1 CPG appends to its pleading Note 14 excerpted from Southern's audited Annual
Report showing that these amounts are properly recorded as assets pursuant to
Generally Accepted Accounting Principles.


                                      -4-


<PAGE>

Southern's investments in EWGs and FUCOs have made a positive contribution to
earnings during each fiscal year Southern has exercised authority conferred
under Rule 53(c). This statement holds true for the current year and the years
during which the "losses" alleged by CPG occurred.

         In sum, Southern's Application demonstrates that Southern has
successfully invested proceeds from financing transactions in EWGs and FUCOs in
an amount that exceeds 50% of its consolidated retained earnings and is rapidly
approaching 100% of consolidated retained earnings.
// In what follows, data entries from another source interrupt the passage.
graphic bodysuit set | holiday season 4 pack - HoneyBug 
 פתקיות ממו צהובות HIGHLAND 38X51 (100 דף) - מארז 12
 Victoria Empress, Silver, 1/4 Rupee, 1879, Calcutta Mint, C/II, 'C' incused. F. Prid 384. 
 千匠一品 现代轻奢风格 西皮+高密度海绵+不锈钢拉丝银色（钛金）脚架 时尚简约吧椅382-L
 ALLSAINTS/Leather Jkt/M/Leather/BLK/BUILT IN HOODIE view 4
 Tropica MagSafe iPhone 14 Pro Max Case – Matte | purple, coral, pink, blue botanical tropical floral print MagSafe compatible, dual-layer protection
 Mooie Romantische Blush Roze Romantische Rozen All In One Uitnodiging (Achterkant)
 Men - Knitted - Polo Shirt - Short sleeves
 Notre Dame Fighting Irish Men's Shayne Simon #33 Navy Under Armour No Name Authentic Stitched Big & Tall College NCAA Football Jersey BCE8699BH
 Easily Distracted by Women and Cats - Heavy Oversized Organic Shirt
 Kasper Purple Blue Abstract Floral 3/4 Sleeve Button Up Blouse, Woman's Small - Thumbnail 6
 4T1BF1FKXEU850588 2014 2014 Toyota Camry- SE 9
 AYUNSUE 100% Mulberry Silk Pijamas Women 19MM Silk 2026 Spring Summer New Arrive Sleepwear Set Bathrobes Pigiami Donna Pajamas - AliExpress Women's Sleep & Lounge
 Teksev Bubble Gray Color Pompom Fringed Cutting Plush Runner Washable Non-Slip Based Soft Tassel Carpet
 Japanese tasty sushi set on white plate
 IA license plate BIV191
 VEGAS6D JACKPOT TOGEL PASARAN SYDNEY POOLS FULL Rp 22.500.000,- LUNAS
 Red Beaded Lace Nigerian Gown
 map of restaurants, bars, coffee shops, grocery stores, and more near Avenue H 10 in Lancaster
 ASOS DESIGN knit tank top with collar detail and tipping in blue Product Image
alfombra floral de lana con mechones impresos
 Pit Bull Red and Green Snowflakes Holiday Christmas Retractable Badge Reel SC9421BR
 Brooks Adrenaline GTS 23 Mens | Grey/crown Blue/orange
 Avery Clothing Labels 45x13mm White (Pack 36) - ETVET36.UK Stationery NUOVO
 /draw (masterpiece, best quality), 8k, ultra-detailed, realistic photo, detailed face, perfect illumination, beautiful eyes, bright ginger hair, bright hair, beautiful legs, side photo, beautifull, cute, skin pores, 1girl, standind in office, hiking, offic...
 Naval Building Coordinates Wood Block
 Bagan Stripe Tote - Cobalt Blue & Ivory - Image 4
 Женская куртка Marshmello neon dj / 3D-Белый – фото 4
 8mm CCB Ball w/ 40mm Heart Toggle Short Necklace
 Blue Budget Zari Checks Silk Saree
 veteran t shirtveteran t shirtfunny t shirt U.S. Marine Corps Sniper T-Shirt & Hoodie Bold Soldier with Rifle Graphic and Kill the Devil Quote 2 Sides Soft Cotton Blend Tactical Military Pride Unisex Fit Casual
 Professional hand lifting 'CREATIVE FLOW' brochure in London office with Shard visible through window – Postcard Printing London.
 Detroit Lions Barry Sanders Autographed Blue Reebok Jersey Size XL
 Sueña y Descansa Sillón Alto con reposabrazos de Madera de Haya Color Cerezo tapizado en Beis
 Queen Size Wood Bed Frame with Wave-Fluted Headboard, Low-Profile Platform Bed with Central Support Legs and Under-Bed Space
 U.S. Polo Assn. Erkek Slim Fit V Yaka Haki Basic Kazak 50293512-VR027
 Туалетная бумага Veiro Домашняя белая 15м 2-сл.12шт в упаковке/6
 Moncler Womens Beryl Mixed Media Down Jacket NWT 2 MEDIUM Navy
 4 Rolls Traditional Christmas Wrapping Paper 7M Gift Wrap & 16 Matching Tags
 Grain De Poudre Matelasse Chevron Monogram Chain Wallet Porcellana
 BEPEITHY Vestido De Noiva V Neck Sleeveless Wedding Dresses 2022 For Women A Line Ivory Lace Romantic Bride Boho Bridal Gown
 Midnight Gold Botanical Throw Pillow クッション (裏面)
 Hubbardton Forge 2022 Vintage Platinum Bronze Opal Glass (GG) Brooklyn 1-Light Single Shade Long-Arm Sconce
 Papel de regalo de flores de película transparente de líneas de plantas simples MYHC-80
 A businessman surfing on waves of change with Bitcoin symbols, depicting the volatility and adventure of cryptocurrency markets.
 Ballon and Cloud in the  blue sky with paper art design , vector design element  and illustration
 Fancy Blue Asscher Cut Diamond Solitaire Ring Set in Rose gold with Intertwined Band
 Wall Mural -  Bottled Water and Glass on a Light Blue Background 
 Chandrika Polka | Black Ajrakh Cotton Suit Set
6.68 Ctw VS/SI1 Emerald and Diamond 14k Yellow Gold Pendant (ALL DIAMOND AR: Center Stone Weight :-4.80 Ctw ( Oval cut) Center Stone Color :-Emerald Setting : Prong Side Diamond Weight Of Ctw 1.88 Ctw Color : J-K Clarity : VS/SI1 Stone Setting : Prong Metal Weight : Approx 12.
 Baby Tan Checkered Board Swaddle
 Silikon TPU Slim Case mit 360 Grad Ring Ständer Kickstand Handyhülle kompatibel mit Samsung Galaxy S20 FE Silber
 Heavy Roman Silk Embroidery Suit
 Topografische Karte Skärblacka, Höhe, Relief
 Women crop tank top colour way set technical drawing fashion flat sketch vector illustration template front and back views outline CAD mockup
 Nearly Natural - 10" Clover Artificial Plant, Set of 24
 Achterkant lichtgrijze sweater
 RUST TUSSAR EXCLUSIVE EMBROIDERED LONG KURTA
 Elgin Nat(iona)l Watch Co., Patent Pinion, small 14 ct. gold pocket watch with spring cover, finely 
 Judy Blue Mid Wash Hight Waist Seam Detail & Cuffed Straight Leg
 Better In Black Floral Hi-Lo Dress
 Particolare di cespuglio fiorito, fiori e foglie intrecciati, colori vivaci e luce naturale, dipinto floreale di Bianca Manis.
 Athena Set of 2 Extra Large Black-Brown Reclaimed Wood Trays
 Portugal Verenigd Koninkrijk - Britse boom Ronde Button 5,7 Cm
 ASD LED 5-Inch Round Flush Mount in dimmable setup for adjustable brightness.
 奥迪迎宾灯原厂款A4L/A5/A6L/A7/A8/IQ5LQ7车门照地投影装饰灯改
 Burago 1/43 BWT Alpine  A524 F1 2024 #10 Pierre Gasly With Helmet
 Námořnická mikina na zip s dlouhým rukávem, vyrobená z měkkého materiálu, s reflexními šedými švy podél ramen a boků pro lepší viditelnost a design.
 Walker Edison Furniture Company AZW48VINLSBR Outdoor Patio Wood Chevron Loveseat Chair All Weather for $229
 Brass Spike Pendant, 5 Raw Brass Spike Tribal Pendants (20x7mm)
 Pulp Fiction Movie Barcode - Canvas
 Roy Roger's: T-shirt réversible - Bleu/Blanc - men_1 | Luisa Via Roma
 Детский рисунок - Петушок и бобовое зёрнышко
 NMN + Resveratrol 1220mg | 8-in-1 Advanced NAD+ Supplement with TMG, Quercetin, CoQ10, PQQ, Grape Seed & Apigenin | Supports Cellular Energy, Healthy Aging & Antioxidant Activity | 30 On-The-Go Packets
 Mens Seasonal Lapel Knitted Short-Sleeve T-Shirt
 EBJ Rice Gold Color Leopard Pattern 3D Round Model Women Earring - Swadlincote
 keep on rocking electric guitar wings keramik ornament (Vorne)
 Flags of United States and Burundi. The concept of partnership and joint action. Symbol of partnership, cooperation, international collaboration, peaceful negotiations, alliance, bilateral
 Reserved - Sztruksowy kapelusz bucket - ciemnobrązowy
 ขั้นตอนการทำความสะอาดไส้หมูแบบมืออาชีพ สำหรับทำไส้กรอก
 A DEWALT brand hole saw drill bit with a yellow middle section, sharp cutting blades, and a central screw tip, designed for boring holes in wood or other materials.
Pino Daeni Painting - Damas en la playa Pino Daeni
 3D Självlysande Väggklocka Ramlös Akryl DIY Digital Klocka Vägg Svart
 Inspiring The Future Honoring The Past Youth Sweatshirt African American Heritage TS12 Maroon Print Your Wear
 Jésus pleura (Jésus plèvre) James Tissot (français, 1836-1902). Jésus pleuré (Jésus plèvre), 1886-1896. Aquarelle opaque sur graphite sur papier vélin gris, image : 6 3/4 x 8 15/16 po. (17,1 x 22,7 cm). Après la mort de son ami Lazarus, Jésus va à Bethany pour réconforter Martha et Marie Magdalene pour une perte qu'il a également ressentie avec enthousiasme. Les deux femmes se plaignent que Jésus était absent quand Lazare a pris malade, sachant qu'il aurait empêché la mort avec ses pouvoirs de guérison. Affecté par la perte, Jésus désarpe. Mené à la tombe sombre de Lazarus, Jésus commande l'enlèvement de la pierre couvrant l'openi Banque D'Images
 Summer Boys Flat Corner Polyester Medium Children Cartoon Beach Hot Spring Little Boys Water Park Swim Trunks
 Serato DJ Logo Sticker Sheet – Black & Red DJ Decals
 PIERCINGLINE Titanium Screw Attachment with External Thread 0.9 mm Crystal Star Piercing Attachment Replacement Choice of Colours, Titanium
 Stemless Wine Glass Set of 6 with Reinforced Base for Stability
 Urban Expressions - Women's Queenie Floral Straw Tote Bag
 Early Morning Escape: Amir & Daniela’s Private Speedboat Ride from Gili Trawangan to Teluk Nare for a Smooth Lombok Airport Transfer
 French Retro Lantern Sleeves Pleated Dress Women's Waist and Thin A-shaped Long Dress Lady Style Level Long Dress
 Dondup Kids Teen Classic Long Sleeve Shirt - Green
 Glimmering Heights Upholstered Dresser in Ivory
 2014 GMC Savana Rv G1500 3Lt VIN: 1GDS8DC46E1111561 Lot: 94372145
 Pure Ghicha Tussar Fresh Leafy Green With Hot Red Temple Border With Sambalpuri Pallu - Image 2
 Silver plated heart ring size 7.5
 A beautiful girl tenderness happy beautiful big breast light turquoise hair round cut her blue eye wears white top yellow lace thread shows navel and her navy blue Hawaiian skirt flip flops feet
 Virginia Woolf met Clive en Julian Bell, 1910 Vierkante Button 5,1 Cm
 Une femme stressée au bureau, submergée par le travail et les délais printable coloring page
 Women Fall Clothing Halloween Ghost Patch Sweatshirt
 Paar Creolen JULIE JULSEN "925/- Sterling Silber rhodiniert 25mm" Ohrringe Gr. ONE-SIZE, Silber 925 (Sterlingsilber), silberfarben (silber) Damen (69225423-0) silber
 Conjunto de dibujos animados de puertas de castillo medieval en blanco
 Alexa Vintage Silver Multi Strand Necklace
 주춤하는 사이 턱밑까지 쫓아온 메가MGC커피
Accordingly, Southern no
longer satisfies the conditions of Rule 53(a). Therefore, Southern must meet the
heightened standard of subsection (c) of Rule 53. Even if CPG could identify an
element of subsection (b) of Rule 53 that Southern does not satisfy, such an
issue would be rendered moot by Southern's demonstration that it meets the
heightened scrutiny requirements of Rule 53(c).

II.      Federal Law Provides That The Commission Is Authorized To Approve
         Southern's Application Even In The Absence Of Regulations Regarding
         FUCO Acquisitions                 
         --------------------------------------------------------------------
 
         CPG contends that the Commission may not approve Southern's Application
because the Commission has not yet promulgated certain regulations regarding
FUCO transactions pursuant to Section 33 of PUHCA. The express language of PUHCA
and applicable Supreme Court authority demonstrate that this contention is
baseless.

         The fact that the Commission has not promulgated the regulations that
CPG desires under Section 33 of PUHCA concerning FUCOs does not prohibit the
Commission from approving Southern's Application. Section 33 expressly provides
that "as of October 24, 1992" (the date of enactment of the Section), registered
holding companies shall be permitted to acquire or invest in FUCOs "without the

                                      -5-


<PAGE>

need to apply for, or receive approval from the Commission." 15 U.S.C. ss.
79(z)-5b(c)(1). Although this Section also states that "[t]he Commission shall
promulgate rules or regulations regarding registered holding companies'
acquisition of interests in foreign utility companies," the Commission has not
yet chosen to do so.2 Accordingly, unless and until the Commission chooses to
promulgate FUCO regulations, it cannot be disputed that the express language of
Section 33 authorizes holding companies, such as Southern, to acquire or invest
in foreign utility companies without prior Commission approval.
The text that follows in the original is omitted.